French banker; grandson of Jacob Rodrigues Pereire; born at Bordeaux 1800; died at Paris Jan. 5, 1875. At the age of twenty-two he went to Paris and entered a bank. Four years later he became associated with the economic interests of the adherents of St.-Simonism through Olinde-Rodrigues. In 1830 he was the promoter of a "comptoir d'escompte," designed to benefit commerce and industry, being aided in this by his brother Isaac. In 1852 he founded both the Crédit Foncier de France, which replaced the Banque Foncière, and the Société Générale du Crédit Mobilier, later extending this last institution, with the help of his brother Isaac, into Spain.

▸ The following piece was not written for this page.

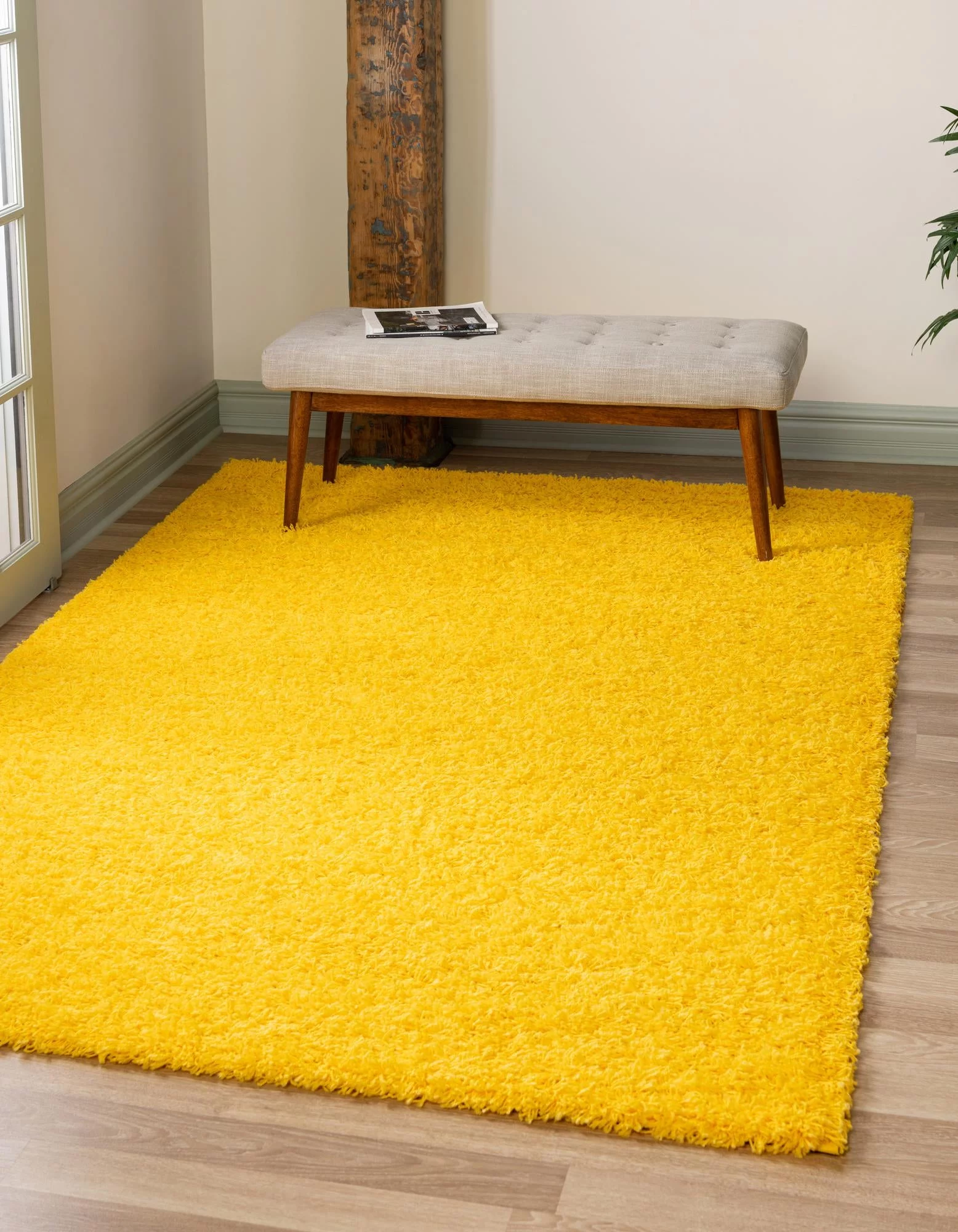Rugs.com Solid Shag Collection Rug – 6' x 9' Tuscan Sun Yellow Shag Rug Perfect For Bedrooms, Dining Rooms, Living Rooms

Pereire's activity in the promotion and organization of railroads was extraordinary. In 1835 he promoted the line from Paris to Saint-Germain-en-Laye; two years later, the Paris-St.-Cloud-Versailles system; in 1845, the Compagnie du Chemin de Fer du Nord; in 1851, the Argenteuil railroad, and in the following year, the Auteuil line and the Compagnie des Chemins de Fer du Midi.

Pereire was interested also in some of the railroad systems of Austria, Russia, and Spain, the lighting and heating systems of Paris and the omnibus lines of the same city, the Compagnie Générale Transatlantique, the Madrid Gas Company, the Imperial Ottoman Bank, and many other financial institutions. He was likewise a member of the General Council of the Gironde from 1853 to 1875, and of the Corps Législatif from 1857 to 1870.

Emile Pereire.

Pereire began literary work as editor of "Le Globe" (1831-32), an organ of the Saint-Simonists, acting at the same time as collaborator on "Le Commerce," the organ of the liberal economic school, and on the "Connaissances Utiles," in which he advocated the establishment of savings-banks throughout France. In 1832 and 1833 he edited "La Revue Encyclopédique," and from 1832 to 1835 was editor of "Le National," the organ of the Republican party. In 1860 he published a pamphlet which attracted much attention and was attributed to Napoleon III.; it was entitled "L'Empereur François-Joseph et l'Europe," and attempted to solve the Austro-Italian problem.

Eugene Pereire:

French financier; born at Paris Oct. 1, 1831; son of Isaac Pereire. Graduating in 1852 from the Ecole Centrale as civil engineer, he acted as an administrator of the Chemin de Fer du Midi, and was one of the organizers of the Crédit Mobilier Espagnol. He also took an active part in the organization of a railroad in northern Spain, of which he was for some time one of the directors, besides being a director of the omnibus and the gas companies of Paris, and of the Marseilles Dock Company. He furthermore was president of the Compagnie Générale Transatlantique, the Union and Phœnix insurance societies of Spain, the docks and workshops of Saint-Nazaire, the Banque Transatlantique, and the Bank of Tunis.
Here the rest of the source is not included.